Mutual Fund Investment: What should be your MF Strategy for 2019-20?
Mutual funds are gaining popularity as one of the best investing tools. Many new investors are investing in the mutual fund due to recent growth in the mutual fund industry. The Indian mutual fund industry grew 12.5% on an average in the last ten years. Getting the best returns out of mutual funds is not a matter of buying and selling of best funds. It needs planning, proper strategy as well as execution. Some investor loses their money in case if they lack proper strategy and a clear objective. Instead of looking for top performing mutual funds, the investor can plan a proper strategy to maximize their returns and reduce their risk. Last year, we saw most of the mutual funds in the red zone. So, while planning your MF strategy for 2019-20 here are key factors to keep in mind:
- Balanced Portfolio:
Mutual fund advisor always advises an investor to make a balanced portfolio. It helps the investor to stay claim in a volatile or uncertain period. A smart investor understands that volatility can be his friend if he invests with discipline. The diversification of portfolio proves to be a key in making a balanced portfolio. A balanced portfolio contains a mix of the product containing debt, equity and another asset classes.
- Keep investing in SIP:
One of the simplest ways to invest in mutual funds is through SIP. It doesn’t require you to invest a large amount in one go. But always remember to invest in a small amount and increase it later with an increase in risk appetite. For the new investor, it’s one of the simplest ways to enter the market. In case, even you face adverse situations in the future, keep investing in the SIP as it will help in creating long term wealth.

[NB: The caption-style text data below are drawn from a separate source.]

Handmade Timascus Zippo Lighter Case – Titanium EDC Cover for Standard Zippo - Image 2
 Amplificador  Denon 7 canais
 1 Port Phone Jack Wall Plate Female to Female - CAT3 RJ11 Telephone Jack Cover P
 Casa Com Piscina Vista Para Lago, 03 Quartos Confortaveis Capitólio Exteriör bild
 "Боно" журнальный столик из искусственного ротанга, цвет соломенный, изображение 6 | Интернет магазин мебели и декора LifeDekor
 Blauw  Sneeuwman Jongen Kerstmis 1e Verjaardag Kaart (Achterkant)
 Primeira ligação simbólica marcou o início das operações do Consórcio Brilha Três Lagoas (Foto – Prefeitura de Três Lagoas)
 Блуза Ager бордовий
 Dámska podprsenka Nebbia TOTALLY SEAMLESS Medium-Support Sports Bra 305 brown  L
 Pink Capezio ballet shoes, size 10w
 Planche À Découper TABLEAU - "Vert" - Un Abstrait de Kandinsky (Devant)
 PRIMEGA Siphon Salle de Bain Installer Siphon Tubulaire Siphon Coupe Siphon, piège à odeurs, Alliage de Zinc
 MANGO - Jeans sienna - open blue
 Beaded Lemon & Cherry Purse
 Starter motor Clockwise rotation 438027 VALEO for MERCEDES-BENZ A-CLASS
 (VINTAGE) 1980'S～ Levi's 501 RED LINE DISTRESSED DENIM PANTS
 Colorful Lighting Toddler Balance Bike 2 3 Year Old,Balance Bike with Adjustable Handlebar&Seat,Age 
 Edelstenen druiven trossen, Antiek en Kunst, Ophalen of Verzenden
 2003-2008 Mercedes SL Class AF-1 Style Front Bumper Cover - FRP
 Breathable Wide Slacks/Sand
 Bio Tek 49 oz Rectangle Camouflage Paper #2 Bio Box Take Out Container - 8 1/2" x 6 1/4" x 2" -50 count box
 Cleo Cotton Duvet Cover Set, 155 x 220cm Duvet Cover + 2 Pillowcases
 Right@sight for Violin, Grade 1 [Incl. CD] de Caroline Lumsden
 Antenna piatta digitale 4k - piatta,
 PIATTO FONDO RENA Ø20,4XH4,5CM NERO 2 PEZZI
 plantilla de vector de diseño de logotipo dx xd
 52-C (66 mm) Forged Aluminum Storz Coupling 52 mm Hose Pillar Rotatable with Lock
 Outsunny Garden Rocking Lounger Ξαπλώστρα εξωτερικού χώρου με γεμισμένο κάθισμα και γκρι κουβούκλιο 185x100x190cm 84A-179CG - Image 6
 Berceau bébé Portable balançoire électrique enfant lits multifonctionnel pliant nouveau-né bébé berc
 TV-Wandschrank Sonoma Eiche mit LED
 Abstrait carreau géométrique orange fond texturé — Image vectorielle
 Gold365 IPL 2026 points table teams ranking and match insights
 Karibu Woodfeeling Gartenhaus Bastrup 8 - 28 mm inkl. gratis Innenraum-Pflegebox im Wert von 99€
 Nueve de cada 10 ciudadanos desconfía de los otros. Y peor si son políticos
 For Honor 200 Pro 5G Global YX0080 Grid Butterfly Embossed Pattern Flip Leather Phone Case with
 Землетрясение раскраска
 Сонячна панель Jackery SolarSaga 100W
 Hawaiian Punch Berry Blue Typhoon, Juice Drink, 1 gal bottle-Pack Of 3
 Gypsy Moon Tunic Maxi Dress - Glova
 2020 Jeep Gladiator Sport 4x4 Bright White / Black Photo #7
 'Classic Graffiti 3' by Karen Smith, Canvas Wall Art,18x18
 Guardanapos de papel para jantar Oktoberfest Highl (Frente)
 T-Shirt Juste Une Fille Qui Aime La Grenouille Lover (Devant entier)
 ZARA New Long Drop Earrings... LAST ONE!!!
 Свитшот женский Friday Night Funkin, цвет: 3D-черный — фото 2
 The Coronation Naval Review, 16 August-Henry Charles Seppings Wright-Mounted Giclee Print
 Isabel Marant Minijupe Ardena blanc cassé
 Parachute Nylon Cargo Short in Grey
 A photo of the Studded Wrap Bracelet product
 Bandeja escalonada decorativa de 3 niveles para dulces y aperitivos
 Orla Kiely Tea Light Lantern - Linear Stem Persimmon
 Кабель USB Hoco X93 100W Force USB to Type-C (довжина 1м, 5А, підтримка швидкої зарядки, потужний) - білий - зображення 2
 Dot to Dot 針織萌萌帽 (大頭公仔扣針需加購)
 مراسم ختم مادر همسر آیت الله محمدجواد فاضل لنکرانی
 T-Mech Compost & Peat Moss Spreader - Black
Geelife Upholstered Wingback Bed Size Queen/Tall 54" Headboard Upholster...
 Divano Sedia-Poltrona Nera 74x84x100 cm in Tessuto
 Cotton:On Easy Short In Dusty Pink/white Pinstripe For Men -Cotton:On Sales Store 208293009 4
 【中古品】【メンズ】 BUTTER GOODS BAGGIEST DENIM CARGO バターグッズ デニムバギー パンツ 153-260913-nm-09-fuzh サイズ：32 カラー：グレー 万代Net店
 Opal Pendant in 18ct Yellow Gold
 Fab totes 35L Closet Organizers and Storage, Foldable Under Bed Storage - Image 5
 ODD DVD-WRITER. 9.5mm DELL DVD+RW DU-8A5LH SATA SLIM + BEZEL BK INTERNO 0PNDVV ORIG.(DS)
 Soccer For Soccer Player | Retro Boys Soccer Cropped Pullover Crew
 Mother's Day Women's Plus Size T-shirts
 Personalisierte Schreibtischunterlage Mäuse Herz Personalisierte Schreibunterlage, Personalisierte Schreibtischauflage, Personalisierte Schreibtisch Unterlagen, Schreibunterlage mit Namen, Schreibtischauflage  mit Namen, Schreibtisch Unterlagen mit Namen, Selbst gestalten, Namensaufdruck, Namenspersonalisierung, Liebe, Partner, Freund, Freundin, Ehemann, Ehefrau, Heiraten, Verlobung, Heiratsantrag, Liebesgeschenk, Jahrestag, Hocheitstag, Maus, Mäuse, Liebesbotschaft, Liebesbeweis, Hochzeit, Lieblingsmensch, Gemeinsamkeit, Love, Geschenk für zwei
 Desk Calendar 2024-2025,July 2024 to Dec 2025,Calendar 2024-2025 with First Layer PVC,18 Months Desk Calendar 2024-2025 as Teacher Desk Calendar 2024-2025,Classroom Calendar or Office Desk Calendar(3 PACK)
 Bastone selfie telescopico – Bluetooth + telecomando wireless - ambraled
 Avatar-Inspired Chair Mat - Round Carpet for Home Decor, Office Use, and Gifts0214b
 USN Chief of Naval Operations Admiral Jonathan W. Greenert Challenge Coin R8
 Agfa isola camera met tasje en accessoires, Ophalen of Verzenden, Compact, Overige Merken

- Choose Fund with a proven track record.
For an early investor in the mutual fund industry, selecting the right fund could be tough. Just checking the past year returns could not be a criterion to select a fund. It’s better to give an overall check such as fund performance consistency, fund manager’s track record, expense ratio as well as fund P/E ratio. Assess the growth record based on the tenure you want to invest for.
- Tax saving with wealth creation:
A mutual fund is one of the best ways of generating and preserving wealth. There are various tax saving mutual funds which help the investor to protect their wealth. ELSS is one such tax saving scheme which can allow you to claim exemption up to Rs. 1,50,000 for any kind of ELSS investment
- Sell When you met your goals:
An investor needs to identify the goal which he needs to invest and the time in which he will reach. So, once you reach your desired goals, start selling. Your strategy for selling should not be confused with anything. Sell it once you meet your goal and it’s vital not to panic in situations like temporary market corrections. The Long-term capital tax solely depends upon how much you sell and how much you gain. So, it’s better to balance your selling.
Disclaimer: Mutual fund Investments are subject to market risks. Please read the scheme documents carefully before investing.